┌──

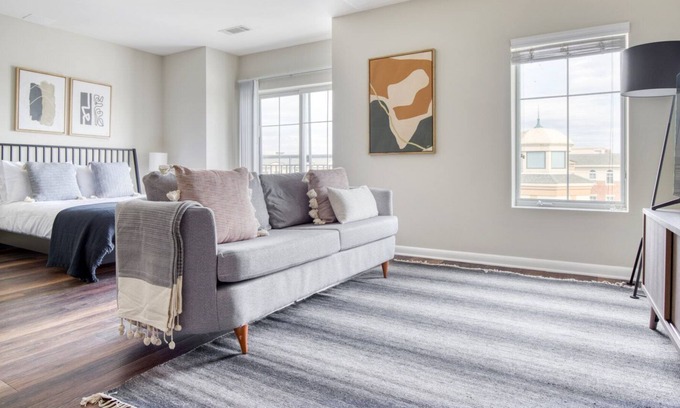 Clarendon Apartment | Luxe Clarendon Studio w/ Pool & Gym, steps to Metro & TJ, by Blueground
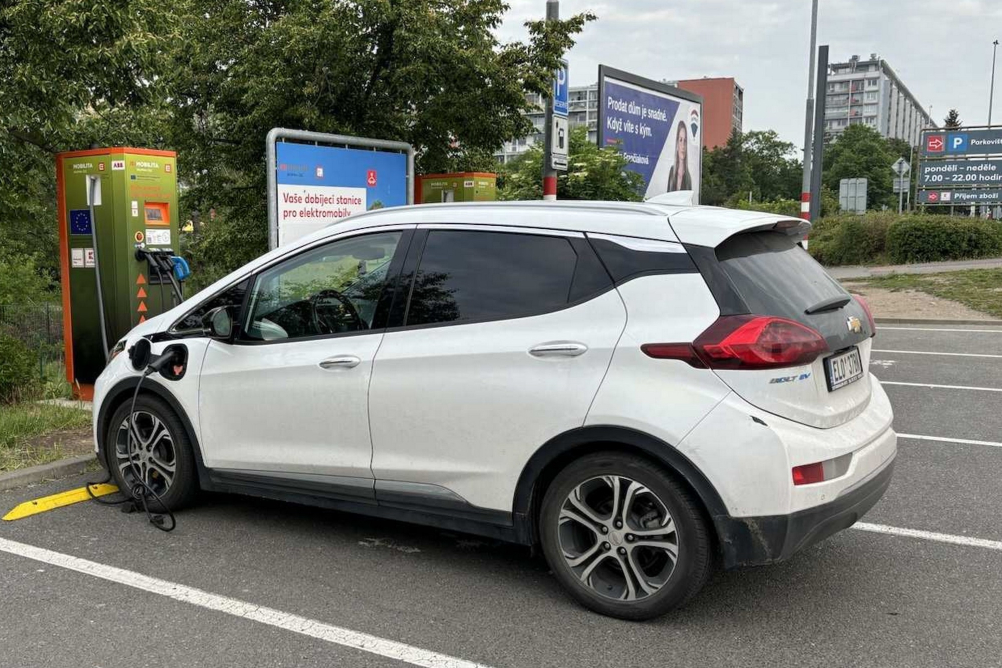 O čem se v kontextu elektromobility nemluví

└──
┌──

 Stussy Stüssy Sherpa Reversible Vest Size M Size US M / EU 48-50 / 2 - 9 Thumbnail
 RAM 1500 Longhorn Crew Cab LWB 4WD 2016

└──
┌──

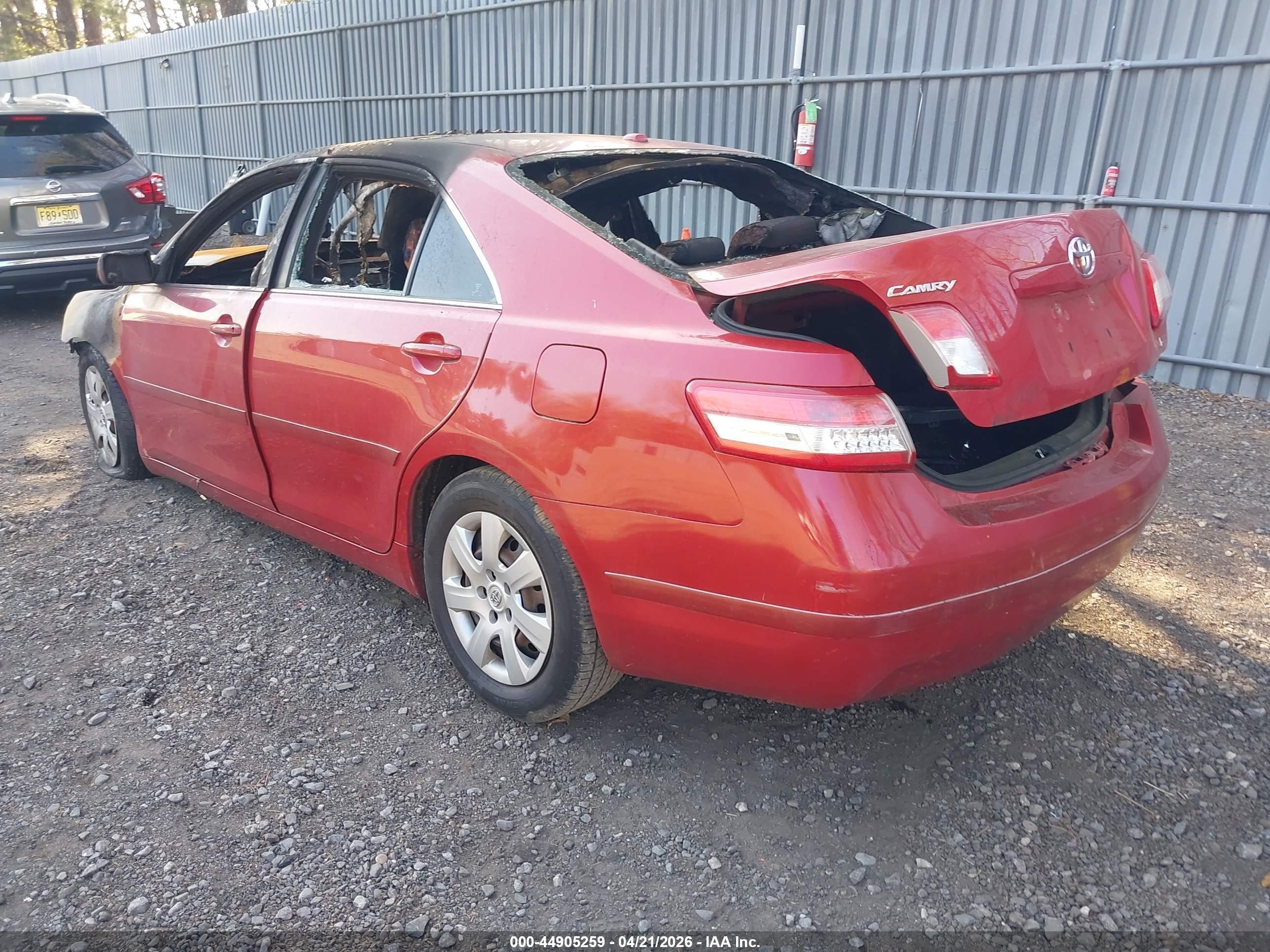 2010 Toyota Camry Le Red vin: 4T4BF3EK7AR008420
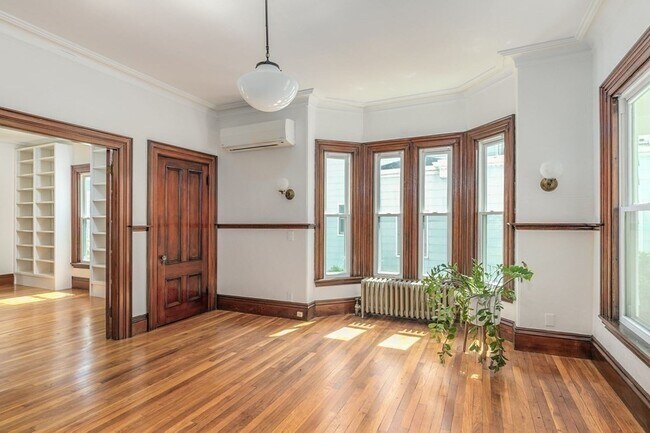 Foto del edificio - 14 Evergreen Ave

└──

_Exercise directions_. Range to copy from the listing above: the line containing "2010 Toyota Camry" down to the line containing "Foto del edificio - 14 Evergreen Ave", both included. Reproduce it exactly, minus the pictures, and add nothing.

_Response to the task_.
 2010 Toyota Camry Le Red vin: 4T4BF3EK7AR008420
 Foto del edificio - 14 Evergreen Ave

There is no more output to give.